If she tells patients she is a Sister of Mercy, they give her a blank look. "They think it's a band group," she said. If she clarifies to say, "I'm a Roman Catholic sister," the blank looks remain.
But when she says she's a nun – which she points out is not technically correct, since she doesn't live in a cloistered or semi-cloistered setting – people understand, but they are still baffled.
But for Schneider, being both a doctor and a woman religious makes perfect sense.
"It all comes together," she said, noting that she is a "pediatrician – which is my work, my ministry which I love" and also is a Sister of Mercy, she told Catholic News Service in October in her office in a wing adjacent to the constant flow of patients, doctors and nurses in the busy emergency room.
Schneider's office walls and bookshelves display certificates, photos of family members and children she's cared for from Samburu tribes in Kenya.
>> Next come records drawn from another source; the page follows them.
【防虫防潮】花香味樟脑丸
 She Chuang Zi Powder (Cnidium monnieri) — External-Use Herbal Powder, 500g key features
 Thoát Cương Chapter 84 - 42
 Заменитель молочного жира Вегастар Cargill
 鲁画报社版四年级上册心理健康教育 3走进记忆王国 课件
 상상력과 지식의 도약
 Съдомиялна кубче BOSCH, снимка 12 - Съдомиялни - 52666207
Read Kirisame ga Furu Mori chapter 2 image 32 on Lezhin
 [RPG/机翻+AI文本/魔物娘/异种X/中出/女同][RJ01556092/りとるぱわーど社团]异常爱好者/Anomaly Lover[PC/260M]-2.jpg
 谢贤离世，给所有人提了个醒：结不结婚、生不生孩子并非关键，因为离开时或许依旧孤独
The wall that you don't see until you are completely in the office she calls her "Sister of Mercy wall." It has a simple cross over the door, a list of spiritual and corporal works of mercy and quotes of Mother Catherine McAuley, founder of the Sisters of Mercy.
Behind her desk, a small refrigerator is filled with lime Diet Cokes and some leftovers. Floor space is stacked with piles of towels, baby formula and supplies for a medical trip she was planning to Kenya.
For the past several years, she has taken teams of medical students on four trips a year to Guyana, Haiti, Kenya or Nigeria as part of a Johns Hopkins University course she teaches called Pediatric Tropical Medicine.
These trips began when Schneider was a medical student and volunteered in Guyana in the midst of a malaria epidemic. She has since worked in Haiti immediately after an earthquake and also after a hurricane.
She said bringing free medical care to people who have had little or no contact with doctors has been "profound and life changing."
On a practical level, the trips give medical students an experience "of what medicine is like outside of Hopkins" on dirt roads, without electricity, running water, CT scans or X-ray machines.
"Plus, we're a workforce, taking care of hundreds of patients a day."
When she's not traveling, the 51-year-old sister who lives in Silver Spring says morning prayers with the sister she lives with when their schedules allow.
"I get up and go to work and she goes to work," she said, pointing out that it is different that she works at a hospital and not a school or church, seen a more traditional roles for women religious. But she also notes that she's been at the hospital 15 years and her colleagues are used to her.
"It's just kind of like, oh that's just Karen; she's our nun," she said.
She said Sisters of Mercy "take a fourth vow to serve poor, sick and ignorant, and we can basically do any ministry that will fulfill that fourth vow."
"I can't think of anything better to do that than to be a physician, helping the poor and being with the sick," she said, adding that she also does a fair amount of teaching not just with medical students but also giving parents and caretakers advice.
Schneider was born and raised in Long Island, N.Y., and that distinct accent still comes through when she is sitting on hospital beds talking to patients.
She attributes her medical passion to her mother, an emergency room nurse who came home with incredible stories and who also ended up taking care of neighbors who asked for Nurse Marion: a man who cut his hand with a saw, a baby with a fever, a child after a bike crash, a woman who went into early labor and the boy across the street with diabetes.
Schneider came to her vocational calling after joining a parish youth group as a high school junior – praying with them and doing good works together.
When she told people she thought it seemed like a great idea to live in community and pray with people and do good works with them, everyone assumed she wanted to be a woman religious.
Her response was: "No way, I'm too normal."
But then she began volunteering at a soup kitchen run by Sisters of Mercy and admired what they were doing.
"Maybe I do want to be a nun!" she said, surprising herself before she "tried it out for one year and then another," and now she's been a sister 31 years.
Initially, she thought she'd have to give up her dream of becoming a doctor to be a sister, but after meeting a group of sister doctors and realizing she could do both, she applied for medical school after making her final profession of vows.
Her work now, caring for sick children in Baltimore and remote villages, has made her realize that parents everywhere have the same worries.
"It's just more profound and dramatic when you're under a mango tree somewhere around the world," she said. "They all want their children to live."